## [The task]
Print each record exactly as it appears, but drop the images.

── Data shown ──

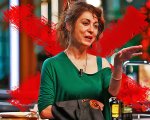 MasterChef 2023, Francesca, quinta eliminata: 'Lo studio e il coraggio ti fanno realizzare ciò che vuoi'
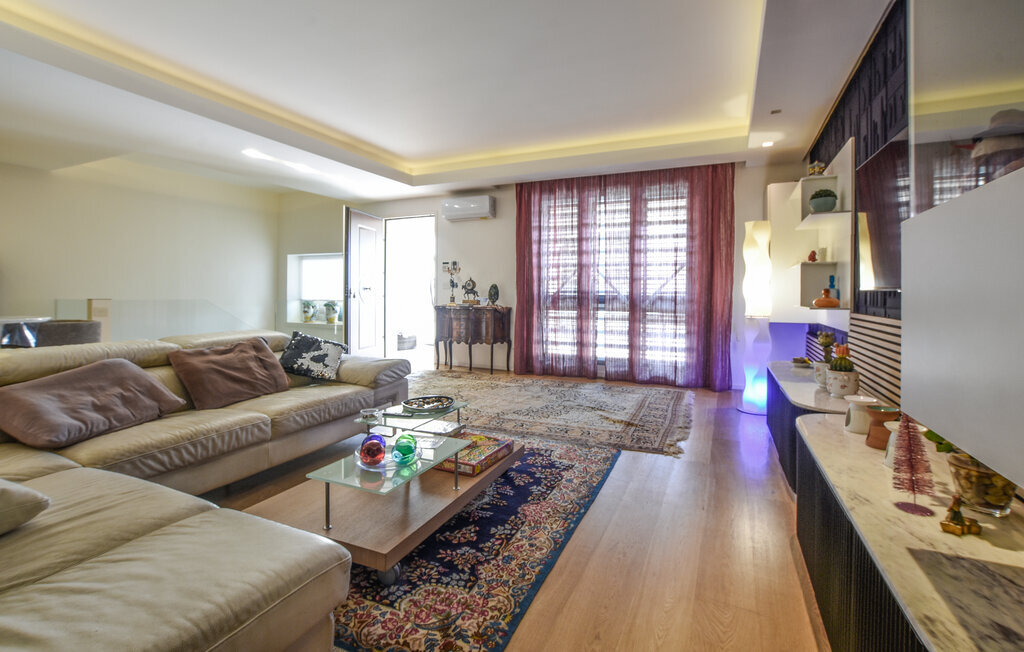 Maison 8 personnes à San Giovanni La Punta - Photo 3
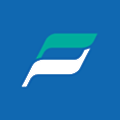 Promontory Therapeutics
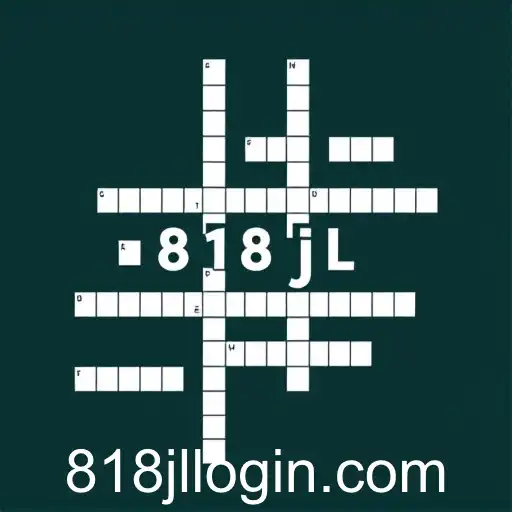 818jl: Revolutionizing Online Gaming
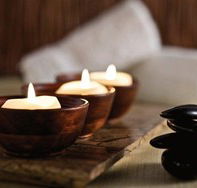 Bringing Balance Massage Therapy - Airlie Beach Holiday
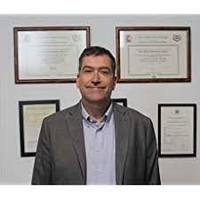 Manuel Hernández Pacheco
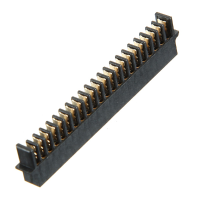 New Dell Inspiron 700m 710m Laptop Ide Hard Drive Connector/adapter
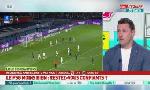 Revoir Psg moins bien : restez-vous confiant ? : du 29 Avril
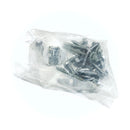 64J12 Lennox Collector Box For G26, 90UGF & G32 Series Units-2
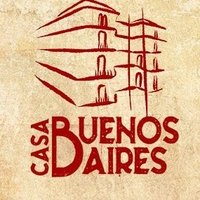 Casa Buenos Aires - Vallvidrera (@labuenosaires__) 's Twitter Profile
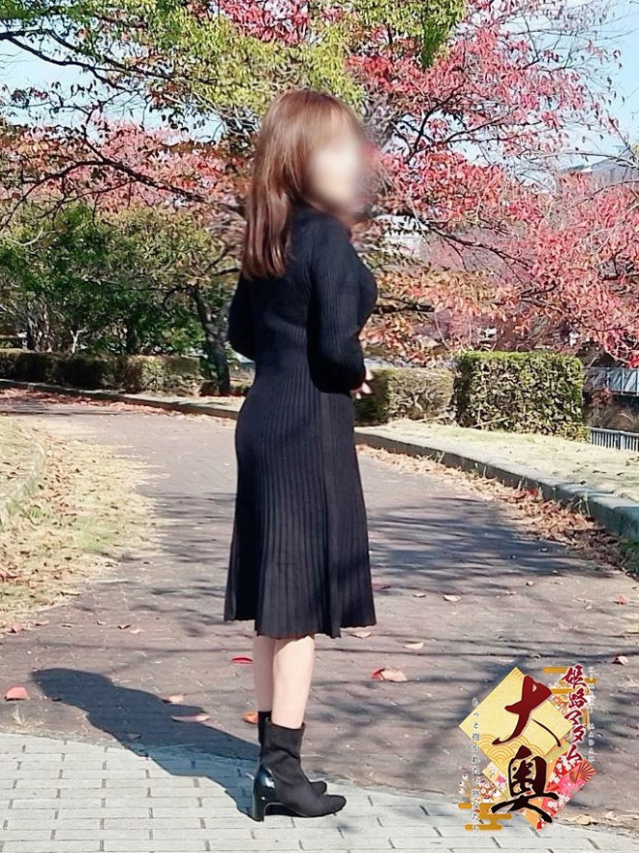 浅倉佳織(あさくらかおり)（姫路マダム大奥）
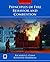 Principles Of Fire Behavior And Combustion by Richard Gann by Richard Gann;Raymond Friedman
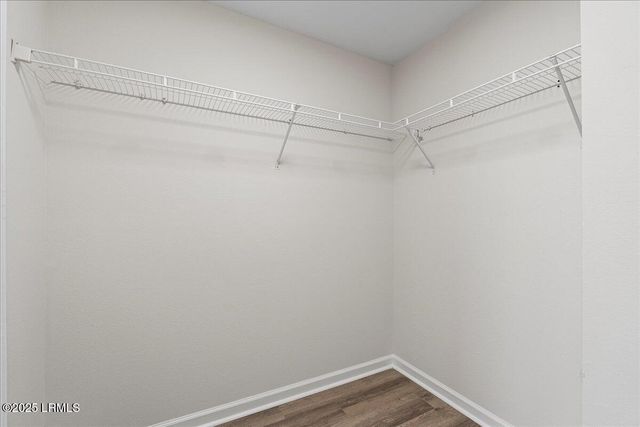 4924 Bluffton Pkwy Unit 18-102, Bluffton, SC 29910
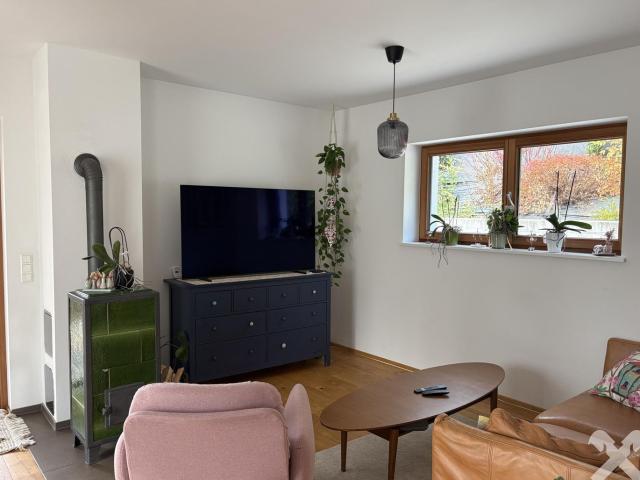 Haus kaufen in Bärnbach, Steiermark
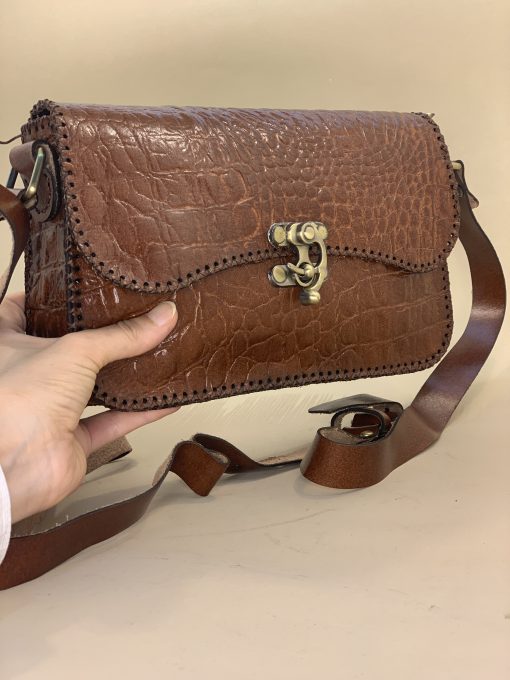 Ne‘ma Bag - Image 11
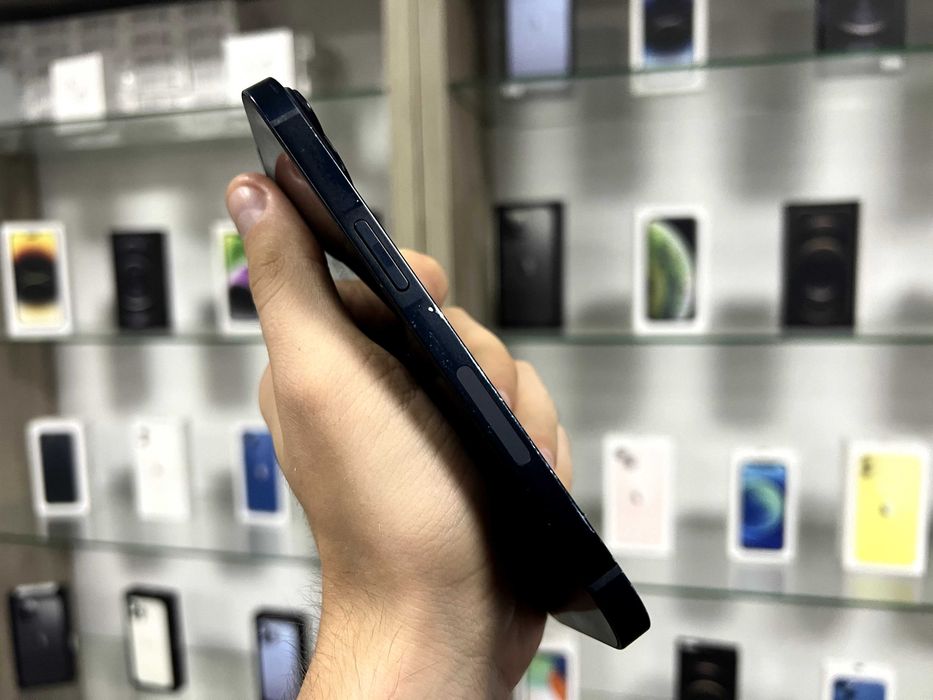 iPhone 14 128 gb neverlock / Гарантія / Магазин
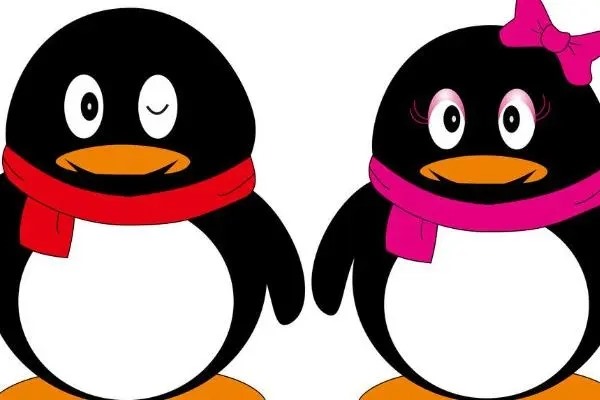 新黑市倒卖社交账户：您的个人信息可能已被出售！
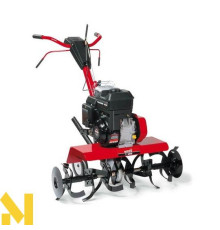 Мотокультиватор MTD T/380 B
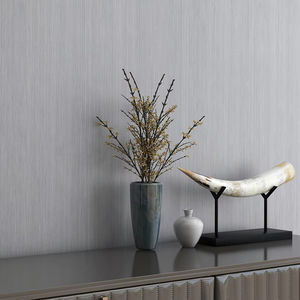 Chapa <span class=keywords><strong>de</strong></span> <span class=keywords><strong>Madera</strong></span> <span class=keywords><strong>de</strong></span> <span class=keywords><strong>Arce</strong></span> ECOWOOD con Diseño Tradicional y <span class=keywords><strong>Características</strong></span> Ecológicas para Guitarras, Violines y Hoteles - Product Image 1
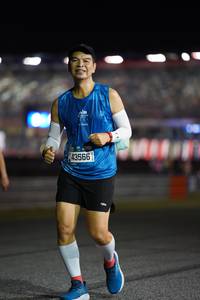 BIB: 43566
                            <button type="button" onclick="openModal(19841552)" class="btn btn-primary btn-sm float-right btn-popup" data-toggle="modal" data-target=".modal-high-quality">
                        <i class="fas fa-shopping-cart"></i> Add to Cart
                    </button>
                                            <button type="button" onclick="isThisMe(19841552, true)" class="btn btn-success btn-sm float-right btn-popup btn-isme hidden" data-toggle="tooltip" data-placement="bottom" title="นี่คือรูปของคุณใช่ไหม คลิกที่นี่เพื่อเอาเข้าอัลบั้ม">
                        <i class="fas fa-plus"></i> Add to album
                    </button>
                    <button type="button" onclick="isThisMe(19841552, false)" class="btn btn-warning btn-sm float-right btn-popup btn-isnotme hidden">
                        <i class="fas fa-ban"></i> Remove from album
                    </button>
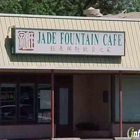 Jade Fountain Cafe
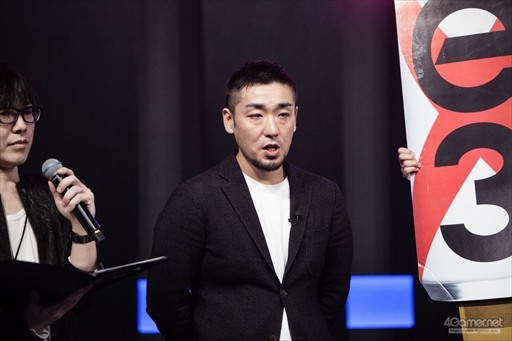 ꡼ No.060Υͥ / Ȥ꤬쥸зͥ޶200ߤTOPANGA CHAMPIONSHIP׺ǽͤեȥݡȤǤϤ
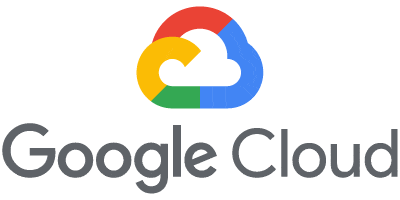 Google Cloud Plattform
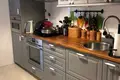 2 bedroom apartment 71 m² Arona, Spain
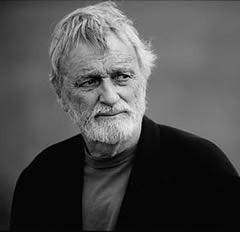 Conrad Hall
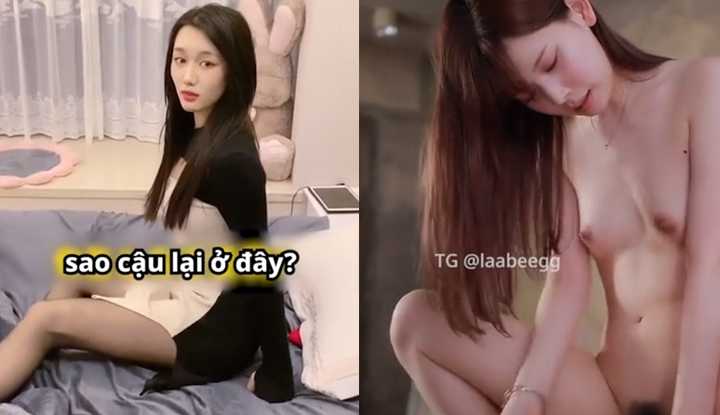 PaliTube - เจ้านายล่อลง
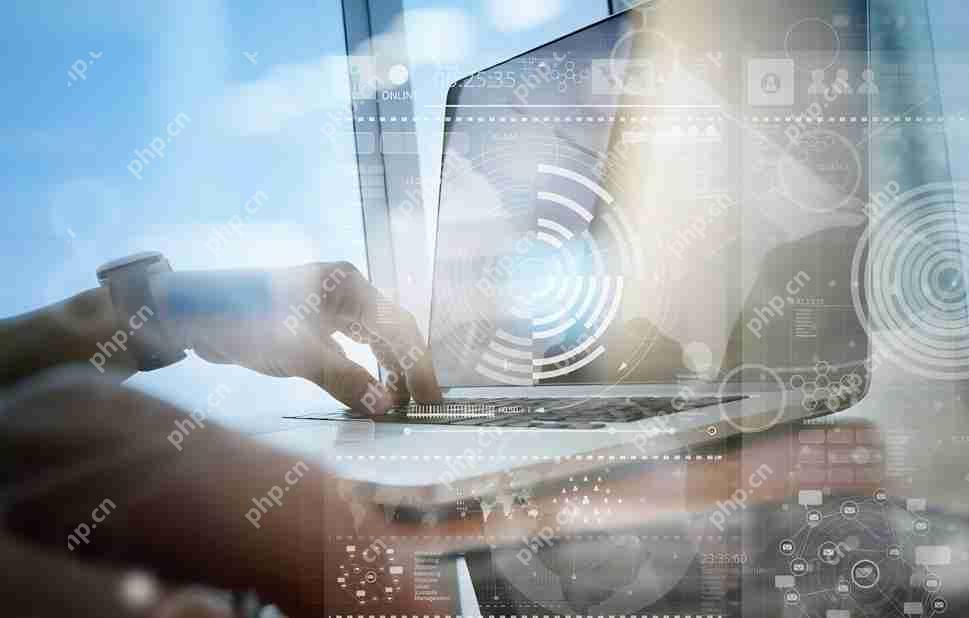 APP开发代做流程快速响应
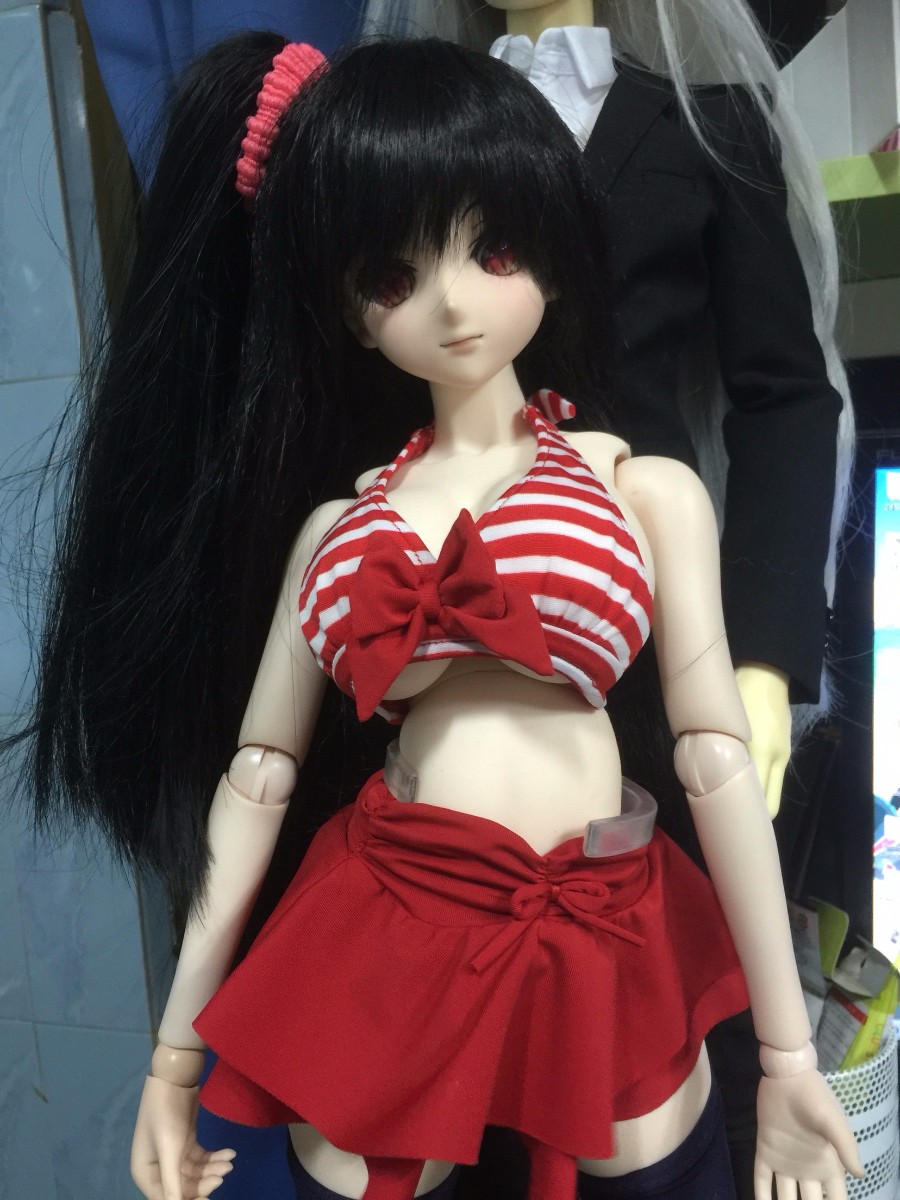 수영복입혀 주었습니다._2.jpg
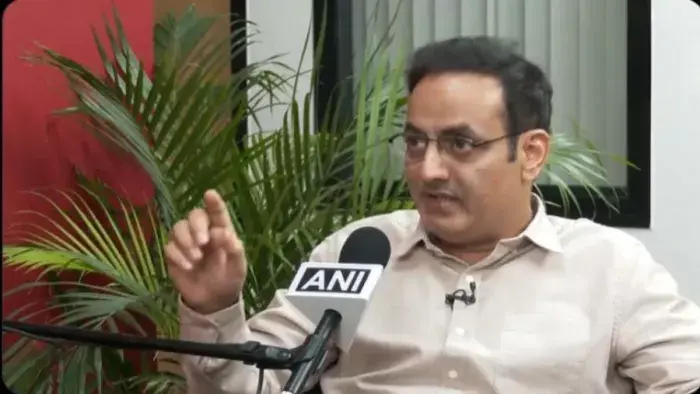 ‘अब हम कभी बेसमेंट में काम नहीं करेंगे’, विकास दिव्यकीर्ति ने मांगी माफी; जारी किया बयान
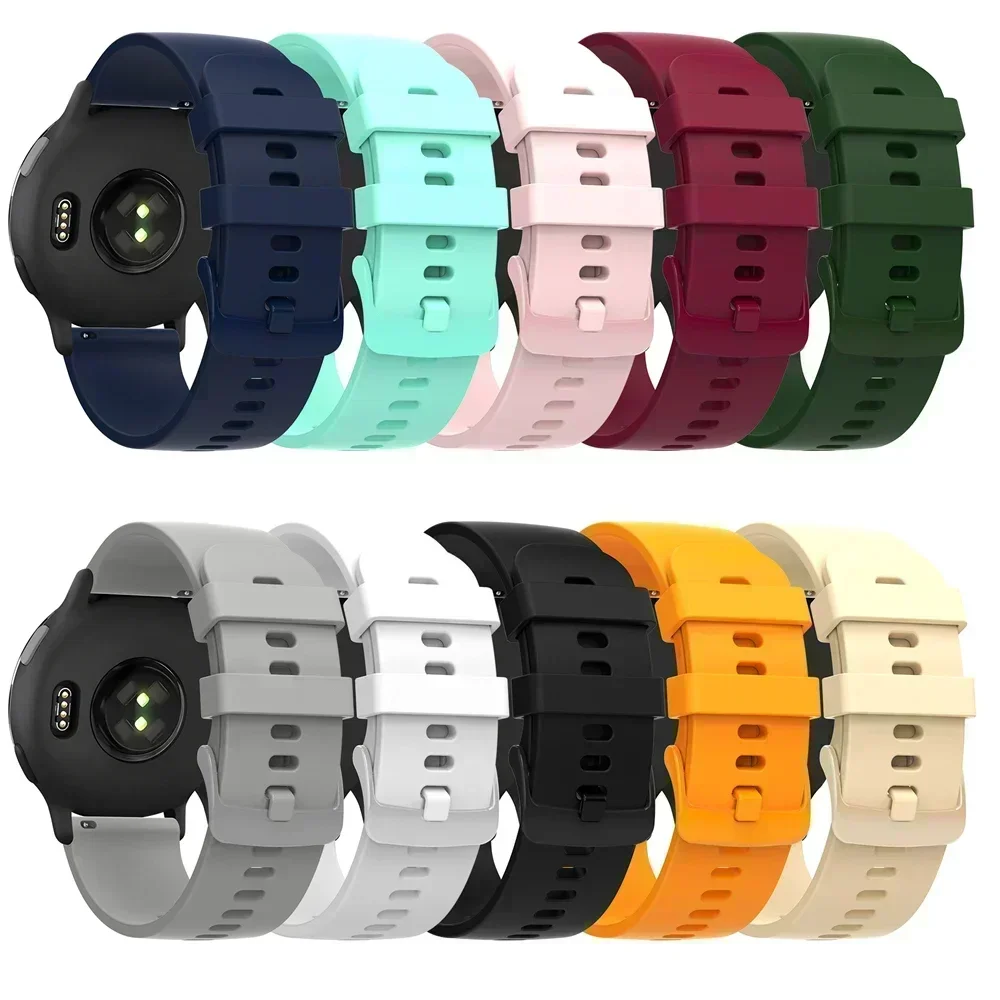 For Fossil GEN 5E 5 LTE 45/44m – Fossil Watches Smartwatch Gen 6 Bewertung und Preis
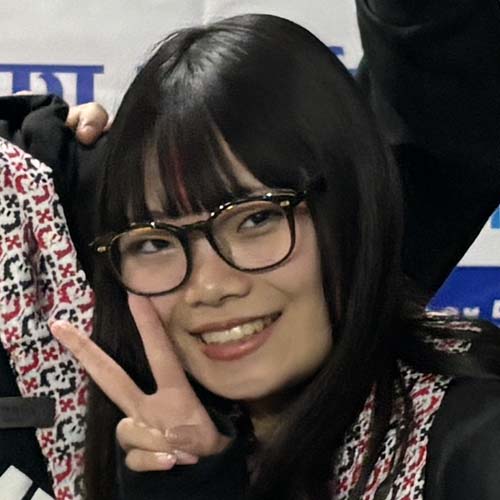 Sasahara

───

## [Task output]
 MasterChef 2023, Francesca, quinta eliminata: 'Lo studio e il coraggio ti fanno realizzare ciò che vuoi'
 Maison 8 personnes à San Giovanni La Punta - Photo 3
 Promontory Therapeutics
 818jl: Revolutionizing Online Gaming
 Bringing Balance Massage Therapy - Airlie Beach Holiday
 Manuel Hernández Pacheco
 New Dell Inspiron 700m 710m Laptop Ide Hard Drive Connector/adapter
 Revoir Psg moins bien : restez-vous confiant ? : du 29 Avril
 64J12 Lennox Collector Box For G26, 90UGF & G32 Series Units-2
 Casa Buenos Aires - Vallvidrera (@labuenosaires__) 's Twitter Profile
 浅倉佳織(あさくらかおり)（姫路マダム大奥）
 Principles Of Fire Behavior And Combustion by Richard Gann by Richard Gann;Raymond Friedman
 4924 Bluffton Pkwy Unit 18-102, Bluffton, SC 29910
 Haus kaufen in Bärnbach, Steiermark
 Ne‘ma Bag - Image 11
 iPhone 14 128 gb neverlock / Гарантія / Магазин
 新黑市倒卖社交账户：您的个人信息可能已被出售！
 Мотокультиватор MTD T/380 B
 Chapa <span class=keywords><strong>de</strong></span> <span class=keywords><strong>Madera</strong></span> <span class=keywords><strong>de</strong></span> <span class=keywords><strong>Arce</strong></span> ECOWOOD con Diseño Tradicional y <span class=keywords><strong>Características</strong></span> Ecológicas para Guitarras, Violines y Hoteles - Product Image 1
 BIB: 43566
                            <button type="button" onclick="openModal(19841552)" class="btn btn-primary btn-sm float-right btn-popup" data-toggle="modal" data-target=".modal-high-quality">
                        <i class="fas fa-shopping-cart"></i> Add to Cart
                    </button>
                                            <button type="button" onclick="isThisMe(19841552, true)" class="btn btn-success btn-sm float-right btn-popup btn-isme hidden" data-toggle="tooltip" data-placement="bottom" title="นี่คือรูปของคุณใช่ไหม คลิกที่นี่เพื่อเอาเข้าอัลบั้ม">
                        <i class="fas fa-plus"></i> Add to album
                    </button>
                    <button type="button" onclick="isThisMe(19841552, false)" class="btn btn-warning btn-sm float-right btn-popup btn-isnotme hidden">
                        <i class="fas fa-ban"></i> Remove from album
                    </button>
 Jade Fountain Cafe
 ꡼ No.060Υͥ / Ȥ꤬쥸зͥ޶200ߤTOPANGA CHAMPIONSHIP׺ǽͤեȥݡȤǤϤ
 Google Cloud Plattform
 2 bedroom apartment 71 m² Arona, Spain
 Conrad Hall
 PaliTube - เจ้านายล่อลง
 APP开发代做流程快速响应
 수영복입혀 주었습니다._2.jpg
 ‘अब हम कभी बेसमेंट में काम नहीं करेंगे’, विकास दिव्यकीर्ति ने मांगी माफी; जारी किया बयान
 For Fossil GEN 5E 5 LTE 45/44m – Fossil Watches Smartwatch Gen 6 Bewertung und Preis
 Sasahara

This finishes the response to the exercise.